### Task item
Find the line below with "Стул от фабрики" and the line with "Snapshot of pretty_ass07". Output them and the lines between, exactly, but not the pictures.

### Records for processing
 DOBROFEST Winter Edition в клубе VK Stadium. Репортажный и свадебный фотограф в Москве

==

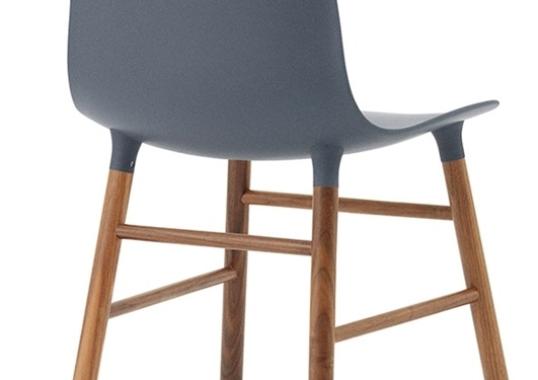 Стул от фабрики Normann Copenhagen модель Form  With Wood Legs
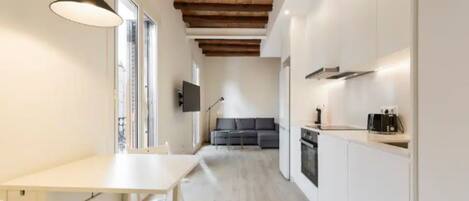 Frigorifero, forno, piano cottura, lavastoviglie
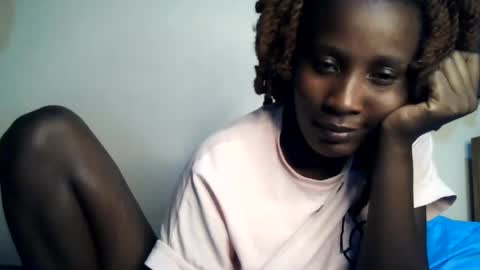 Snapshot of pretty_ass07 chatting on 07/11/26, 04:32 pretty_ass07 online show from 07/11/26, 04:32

### Response to the exercise
 Стул от фабрики Normann Copenhagen модель Form  With Wood Legs
 Frigorifero, forno, piano cottura, lavastoviglie
 Snapshot of pretty_ass07 chatting on 07/11/26, 04:32 pretty_ass07 online show from 07/11/26, 04:32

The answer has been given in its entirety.